▶ _Data extracts_:
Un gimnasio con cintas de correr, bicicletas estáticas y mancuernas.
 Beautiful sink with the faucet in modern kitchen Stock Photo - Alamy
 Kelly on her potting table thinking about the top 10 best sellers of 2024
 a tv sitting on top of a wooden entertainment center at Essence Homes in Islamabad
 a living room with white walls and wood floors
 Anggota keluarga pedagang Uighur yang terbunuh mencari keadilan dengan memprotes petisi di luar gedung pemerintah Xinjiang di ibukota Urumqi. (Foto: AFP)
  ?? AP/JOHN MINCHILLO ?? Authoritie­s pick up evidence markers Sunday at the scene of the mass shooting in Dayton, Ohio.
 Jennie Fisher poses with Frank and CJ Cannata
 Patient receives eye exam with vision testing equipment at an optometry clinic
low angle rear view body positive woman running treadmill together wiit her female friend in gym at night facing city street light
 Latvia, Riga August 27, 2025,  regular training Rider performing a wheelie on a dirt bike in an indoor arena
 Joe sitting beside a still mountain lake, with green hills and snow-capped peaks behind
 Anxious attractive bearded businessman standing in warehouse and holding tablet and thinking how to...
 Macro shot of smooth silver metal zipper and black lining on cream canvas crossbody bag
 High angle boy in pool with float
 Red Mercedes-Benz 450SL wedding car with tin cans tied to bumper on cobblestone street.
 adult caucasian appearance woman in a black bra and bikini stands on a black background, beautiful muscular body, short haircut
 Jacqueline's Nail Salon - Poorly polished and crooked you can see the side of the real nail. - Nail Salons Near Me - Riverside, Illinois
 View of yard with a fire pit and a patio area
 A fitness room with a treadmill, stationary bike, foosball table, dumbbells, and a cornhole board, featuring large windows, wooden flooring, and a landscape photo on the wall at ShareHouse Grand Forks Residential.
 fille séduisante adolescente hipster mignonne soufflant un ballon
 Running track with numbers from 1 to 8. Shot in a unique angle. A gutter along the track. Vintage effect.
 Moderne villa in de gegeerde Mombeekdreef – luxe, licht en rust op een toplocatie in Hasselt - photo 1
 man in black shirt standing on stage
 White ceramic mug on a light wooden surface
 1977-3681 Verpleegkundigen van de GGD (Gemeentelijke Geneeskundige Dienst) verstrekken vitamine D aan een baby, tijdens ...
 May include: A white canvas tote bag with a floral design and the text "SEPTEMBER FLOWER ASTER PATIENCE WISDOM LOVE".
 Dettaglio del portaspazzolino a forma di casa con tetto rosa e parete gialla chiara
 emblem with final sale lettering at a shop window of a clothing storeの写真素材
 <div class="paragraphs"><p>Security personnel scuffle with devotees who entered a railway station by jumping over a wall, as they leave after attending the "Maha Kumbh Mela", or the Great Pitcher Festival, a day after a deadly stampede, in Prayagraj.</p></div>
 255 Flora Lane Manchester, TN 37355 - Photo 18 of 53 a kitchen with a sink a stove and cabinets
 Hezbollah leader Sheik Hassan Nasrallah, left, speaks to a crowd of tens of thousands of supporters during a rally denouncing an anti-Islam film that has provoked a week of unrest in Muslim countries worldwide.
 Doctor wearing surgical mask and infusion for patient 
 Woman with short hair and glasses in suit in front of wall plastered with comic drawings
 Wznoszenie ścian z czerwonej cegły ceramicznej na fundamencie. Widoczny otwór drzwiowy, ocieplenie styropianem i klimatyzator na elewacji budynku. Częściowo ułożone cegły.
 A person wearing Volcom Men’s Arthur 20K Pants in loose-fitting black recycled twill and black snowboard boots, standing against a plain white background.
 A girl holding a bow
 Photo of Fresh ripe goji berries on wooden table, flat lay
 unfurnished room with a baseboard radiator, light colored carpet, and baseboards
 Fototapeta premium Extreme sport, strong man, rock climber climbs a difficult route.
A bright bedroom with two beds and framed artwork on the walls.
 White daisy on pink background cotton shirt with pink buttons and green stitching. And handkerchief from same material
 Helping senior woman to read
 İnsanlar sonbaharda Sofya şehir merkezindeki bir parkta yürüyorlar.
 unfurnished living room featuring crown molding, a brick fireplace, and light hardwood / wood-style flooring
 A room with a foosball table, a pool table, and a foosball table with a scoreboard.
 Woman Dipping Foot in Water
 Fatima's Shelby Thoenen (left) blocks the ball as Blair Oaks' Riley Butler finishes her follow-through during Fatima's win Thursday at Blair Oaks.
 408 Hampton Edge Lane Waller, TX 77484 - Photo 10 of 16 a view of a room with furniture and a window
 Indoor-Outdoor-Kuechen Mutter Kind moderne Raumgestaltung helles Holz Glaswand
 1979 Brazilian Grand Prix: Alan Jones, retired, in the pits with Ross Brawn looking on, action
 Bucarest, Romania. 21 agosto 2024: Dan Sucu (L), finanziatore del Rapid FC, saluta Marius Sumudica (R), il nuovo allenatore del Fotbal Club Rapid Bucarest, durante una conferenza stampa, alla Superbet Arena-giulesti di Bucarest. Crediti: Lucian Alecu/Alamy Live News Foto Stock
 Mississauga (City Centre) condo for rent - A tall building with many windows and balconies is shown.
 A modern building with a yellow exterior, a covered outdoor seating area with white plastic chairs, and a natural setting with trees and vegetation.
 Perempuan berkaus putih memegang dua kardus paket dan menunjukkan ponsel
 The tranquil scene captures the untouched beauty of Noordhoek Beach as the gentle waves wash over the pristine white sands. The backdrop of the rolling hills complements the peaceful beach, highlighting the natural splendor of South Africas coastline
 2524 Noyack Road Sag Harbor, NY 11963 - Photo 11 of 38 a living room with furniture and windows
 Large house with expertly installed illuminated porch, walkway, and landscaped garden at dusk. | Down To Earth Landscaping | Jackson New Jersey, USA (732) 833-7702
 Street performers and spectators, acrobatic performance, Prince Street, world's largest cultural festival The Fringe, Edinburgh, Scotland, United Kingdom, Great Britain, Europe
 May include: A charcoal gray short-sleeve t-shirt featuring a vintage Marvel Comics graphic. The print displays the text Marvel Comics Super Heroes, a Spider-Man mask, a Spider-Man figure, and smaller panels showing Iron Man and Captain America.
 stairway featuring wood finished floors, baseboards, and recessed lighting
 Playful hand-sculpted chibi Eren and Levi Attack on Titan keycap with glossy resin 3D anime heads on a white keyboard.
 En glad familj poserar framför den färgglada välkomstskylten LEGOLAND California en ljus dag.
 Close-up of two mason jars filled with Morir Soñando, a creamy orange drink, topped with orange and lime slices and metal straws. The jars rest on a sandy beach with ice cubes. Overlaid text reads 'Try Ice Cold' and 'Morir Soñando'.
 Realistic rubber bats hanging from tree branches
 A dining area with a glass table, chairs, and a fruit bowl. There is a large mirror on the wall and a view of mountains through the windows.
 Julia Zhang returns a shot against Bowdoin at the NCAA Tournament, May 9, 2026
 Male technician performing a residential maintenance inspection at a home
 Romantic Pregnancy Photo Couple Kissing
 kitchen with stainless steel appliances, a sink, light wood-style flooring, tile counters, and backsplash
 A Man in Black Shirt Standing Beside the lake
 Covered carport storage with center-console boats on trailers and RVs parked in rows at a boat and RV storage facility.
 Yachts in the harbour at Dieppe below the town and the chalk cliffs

▶ _What you have to do_:
Both the line containing "Fatima's Shelby Thoenen" and the line containing "1979 Brazilian Grand" belong in the answer. Print them and every line above that falls between them exactly, and no others.

▶ _Finished task_:
 Fatima's Shelby Thoenen (left) blocks the ball as Blair Oaks' Riley Butler finishes her follow-through during Fatima's win Thursday at Blair Oaks.
 408 Hampton Edge Lane Waller, TX 77484 - Photo 10 of 16 a view of a room with furniture and a window
 Indoor-Outdoor-Kuechen Mutter Kind moderne Raumgestaltung helles Holz Glaswand
 1979 Brazilian Grand Prix: Alan Jones, retired, in the pits with Ross Brawn looking on, action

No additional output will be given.